W 32. kolejce PKO Ekstraklasy Raków Częstochowa zmierzy się na wyjeździe z Koroną Kielce. Do tej pory oba zespoły grały ze sobą dziesięć razy, dzieląc się zwycięstwami równo – po pięć dla każdej z drużyn. Początek spotkania dzisiaj o godz. 18.00 na kieleckiej Suzuki Arenie.
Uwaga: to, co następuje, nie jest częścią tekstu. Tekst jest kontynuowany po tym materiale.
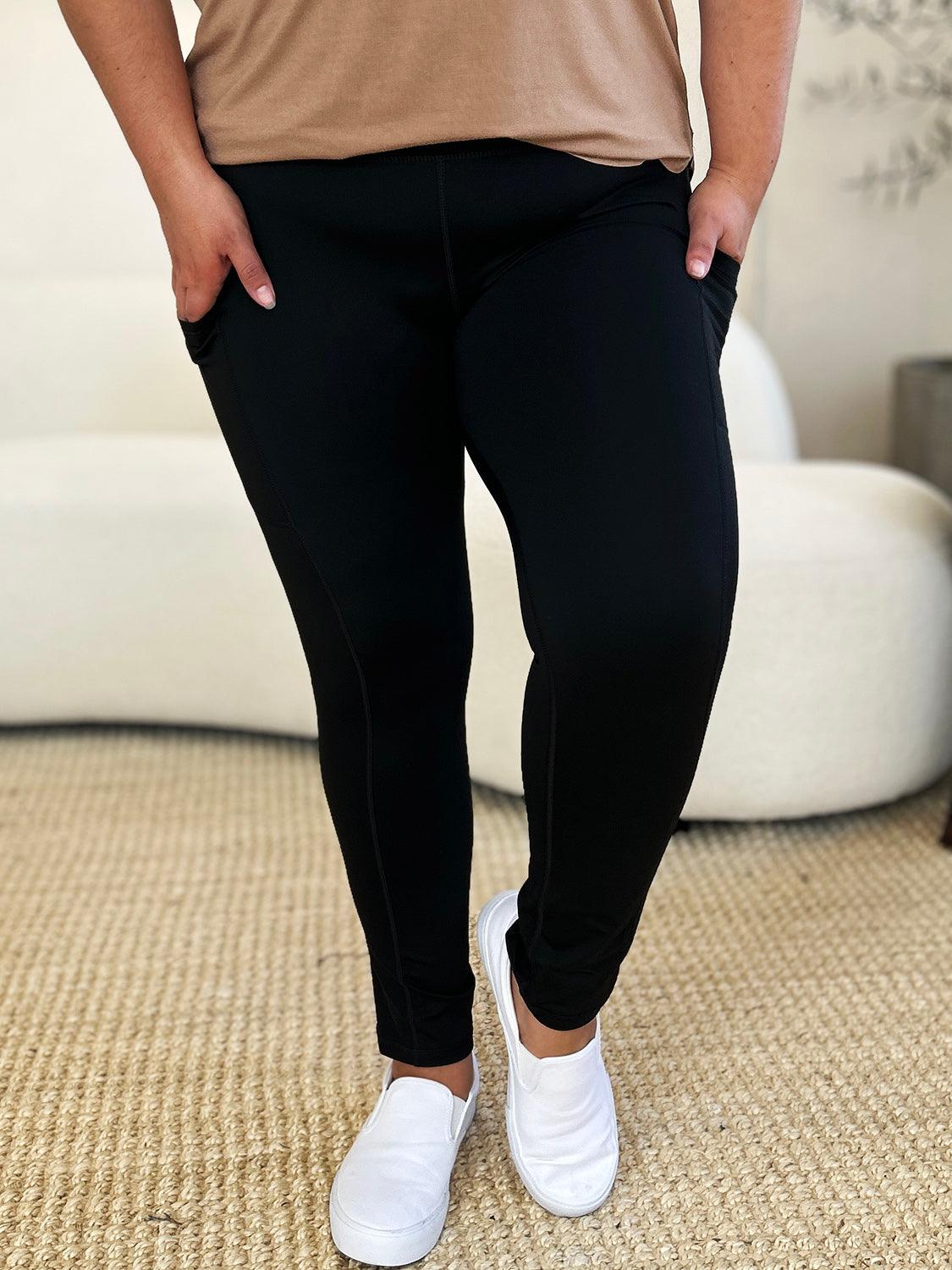 Wide Waistband Sports Leggings for Comfortable Fit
Po 31. kolejkach PKO Ekstraklasy Raków Częstochowa zajmuje 10. miejsce w tabeli, natomiast Korona Kielce 14. Poprzedni mecz Czerwono-Niebieskich ze Złocisto-Krwistymi odbył się 23 listopada 2019 roku i zakończył wygraną kielczan. O zeszłorocznym spotkaniu mówi Igor Sapała, pomocnik Rakowa.

– Najważniejsze jest to, aby się podnieść po poprzednim spotkaniu i stawić czoła przeciwnikowi. Nie wyobrażam sobie innego rozwiązania. Jeżeli nie będzie naszej mobilizacji, zaangażowania to nasz udział w rozgrywkach nie miałby sensu. Piłkarze są zmotywowani. Widać, że bardzo im zależy na kolejnych zwycięstwach.
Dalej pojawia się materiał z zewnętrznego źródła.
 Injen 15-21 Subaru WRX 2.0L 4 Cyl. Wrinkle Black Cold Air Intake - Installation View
O poprzednim meczu mówi także Marek Papszun, trener drużyny Raków Częstochowa.

– Poprzedni mecz nie udał się, tak jak planowaliśmy. Teraz będziemy chcieli się zrewanżować. Dzisiaj, jako drużyna, jesteśmy w innym miejscu niż rok temu.

Dzisiejszy sportowy wieczór z pewnością wzbudzi spore emocje. Kielczanie są w strefie spadkowej i potrzebują zwycięstwa, aby nadal liczyć się w grze o utrzymanie. Do meczu z Koroną Kielce nie przystąpi Felicio Brown Forbes z Rakowa, co wynika z umowy transferowej zawartej między Klubami. Do kadry wraca natomiast Tomáš Petrášek, który w meczu z Wisłą Kraków nie wystąpił z powodu ośmiu żółtych kartek. Sebastian Musiolik przystąpi do starcia z trzema żółtymi kartkami na koncie.